The Obama White House is trying to use various intelligence agencies reputations and authority to convince the American people that Russia has something to do with Wikileaks, and the election of Donald Trump. This is likely an attempt to distract the American people from the content of Wikileaks, delegitimize Trump’s election and future Presidency, invoke Cold War fears, and establish a new wave of 1950’s McCarthysim against anyone who questions the Obama narrative.

For those of you who don’t know, McCarthyism was the practice of making accusations of subversion or treason without proper evidence to restrict political dissent and opposition. It was an era of political repression in the US from 1950–1956 against communism and espionage by Soviet Agents (despite the fact the Soviet Union was our ally in WW2). It was mostly used as a divisive propaganda technique to purposely create conflict between Americans for political gain.

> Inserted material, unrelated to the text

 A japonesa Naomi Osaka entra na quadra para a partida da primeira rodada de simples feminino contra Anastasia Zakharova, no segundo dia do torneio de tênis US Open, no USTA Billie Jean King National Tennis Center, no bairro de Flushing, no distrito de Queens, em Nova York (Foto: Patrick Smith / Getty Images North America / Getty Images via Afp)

As for the FBI, shortly after the spread of McCarthyism in 1956, the FBI began COINTELPRO which was a covert operation to illegally surveil, infiltrate, disrupt, and discredit various political organizations. The FBI used psychological warfare and other subversive tactics against the Civil Rights Movement, anti-war movements, and feminist organizations. The program was eventually exposed in 1971.

The CIA’s reputation isn’t much better, from the early 1950's through the 1970’s the CIA was illegally experimenting on Americans during Project MKUltra using drugs, hypnosis, sensory deprivation, isolation, sexual abuse, and other forms of torture in an attempt force confessions through mind control. The program was eventually exposed in the 1970’s, and declassified in 2001.

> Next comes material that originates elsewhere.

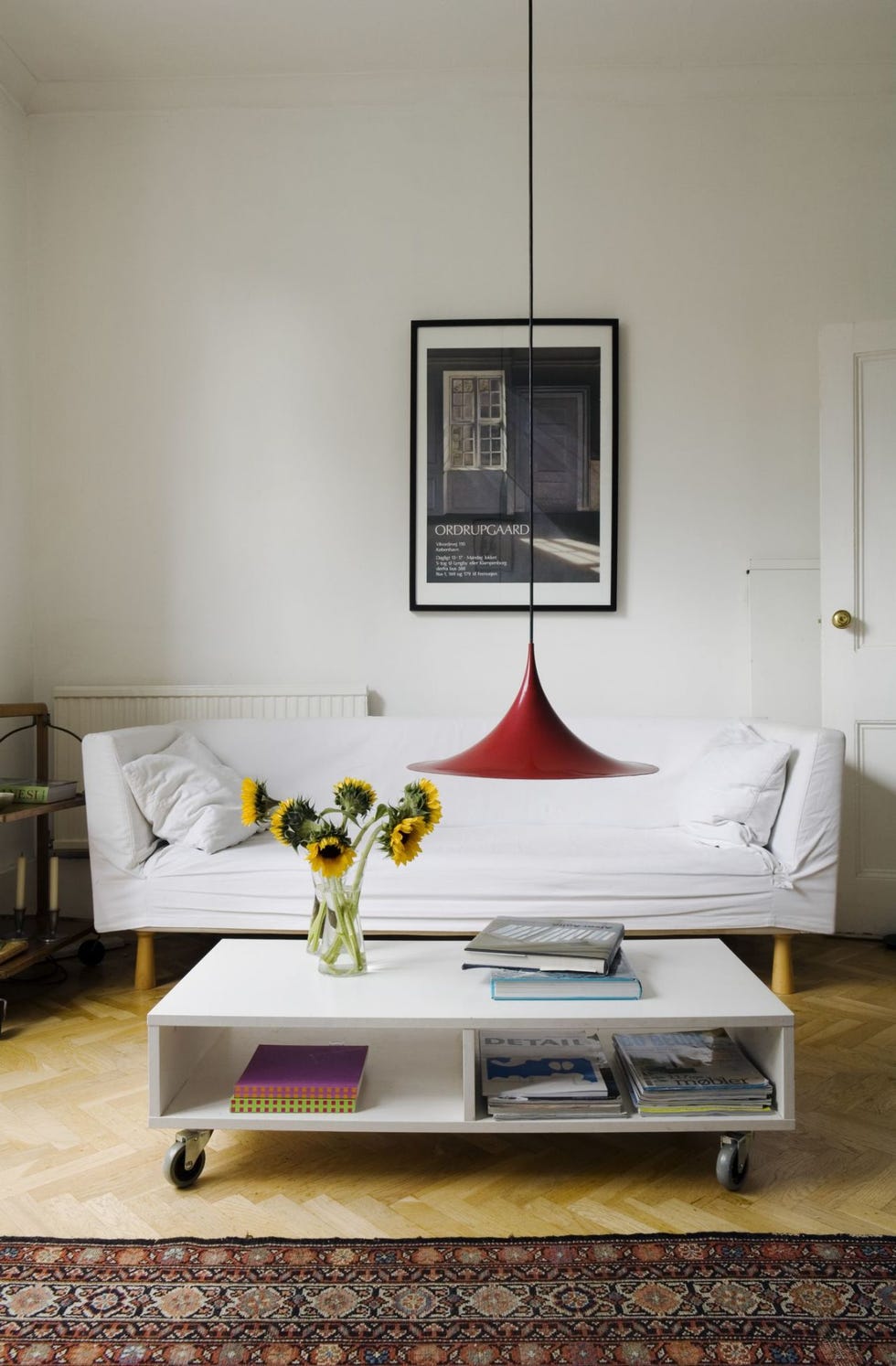 Furniture, Living room, Interior design, Room, Coffee table, Table, Floor, Wall, House, Couch, Furniture, Living room, Interior design, Room, Coffee table, Table, Floor, Wall, House, Couch,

With the Democrats losing power in the White House, Senate, and House of Representatives they desperately need a political identity and ideology for their supporters to latch on to during a Trump Presidency. It is very likely Obama is using his last days in office to plant the seeds of opposition against Trump, and his supporters by rallying Democrats with divisive propaganda which Obama conveniently legalized in 2012.

With all of that said, it is both reasonable and patriotic to question our Government given their track record of manipulating the American people. Which is why it is so important that the US Government provide actual proof of Russian hacking, and election interference. If there is a smoking gun, the American people have the right to see it.